Afin de statuer en l’espèce, les juges pourront s’appuyer sur la jurisprudence Métro-Goldwin-Mayer Studios Inc c/ Groskter du 27 juin 2005. Dans cette affaire, la Cour suprême a jugé que “celui qui consciemment influence, cause, contribue matériellement à la violation du copyright (…) peut être considéré comme coupable de contribution s’il avait connaissance, ou une raison de penser, que c’était une violation”.
Dès lors, Gawker va devoir démontrer qu’il n’avait pas conscience que la mise à disposition des liens contrevenaient aux droits du réalisateur sur son scénario. Mais sur ce point, le blog pourrait avoir du mal à convaincre.
Plusieurs arguments sont invoqués par Gawker pour étayer sa défense.

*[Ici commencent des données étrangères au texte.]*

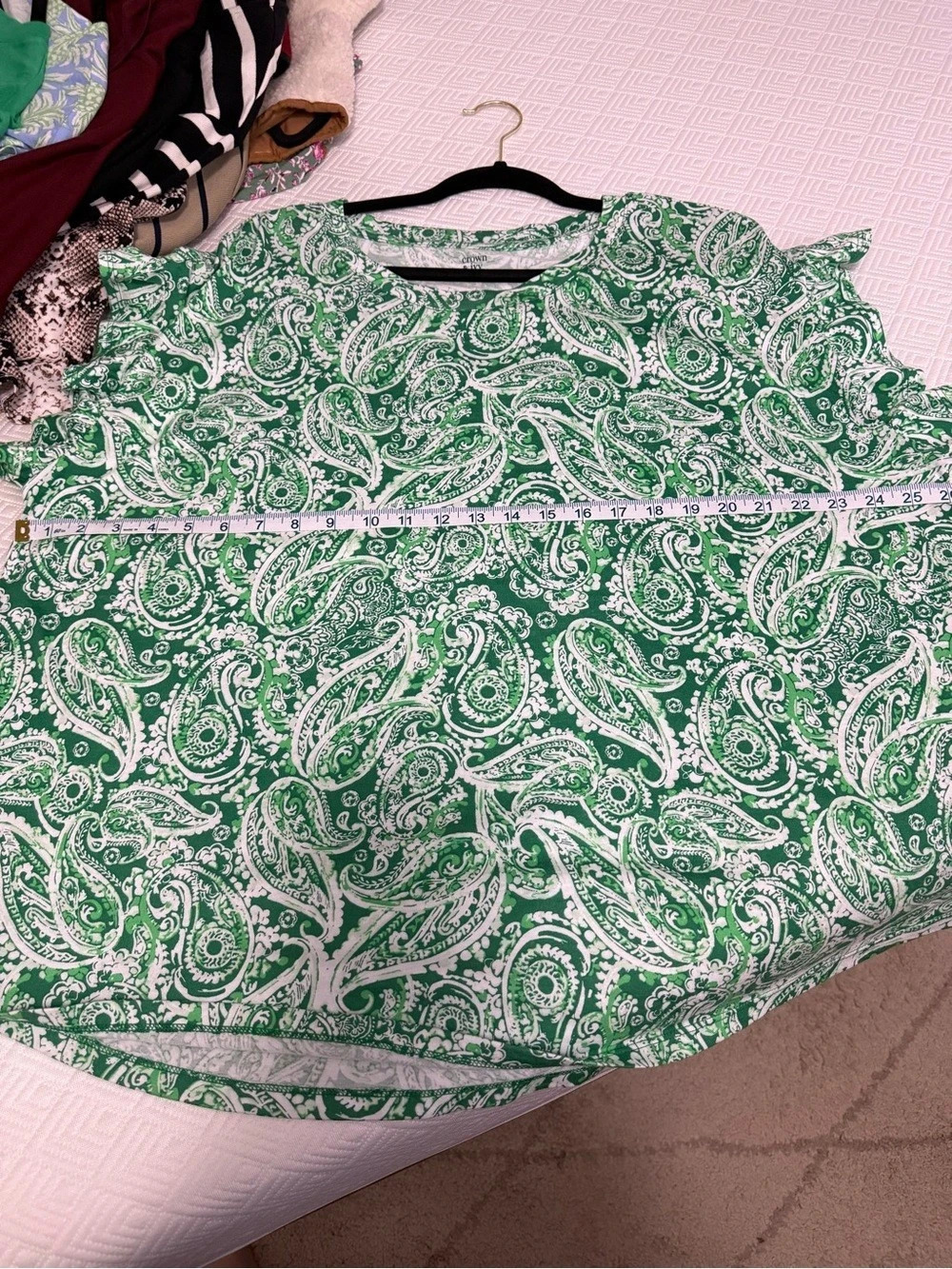Crown & Ivy Short Ruffle Sleeve Tops Size 2X Like New. 3 top bundle - Picture 7 of 13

Selon le rédacteur en chef John Cook, Quentin Tarantino a confié qu’il voulait que son scénario soit publié sur Internet lors de son interview pour Deadline Hollywood. “J’aime vraiment l’idée que tout le monde le publie (le scénario), l’obtienne et en fasse la critique sur le net. Honnêtement, je ne voudrais pas qu’il en soit autrement. J’aime le fait que les gens apprécie mon travail, et qu’ils font tout ce qu’ils peuvent pour l’obtenir et le lire”. Le journaliste part de ce postulat pour considérer que Gawker ne pouvait pas véritablement réaliser qu’il portait atteinte aux droits de Quentin Tarantino.
Lorsque l’on analyse les faits, il est difficile d’accorder du crédit à cette argumentation. D’une part, Deadline Hollywood évoque un détournement des extraits de l’interview, utilisés hors de leur contexte.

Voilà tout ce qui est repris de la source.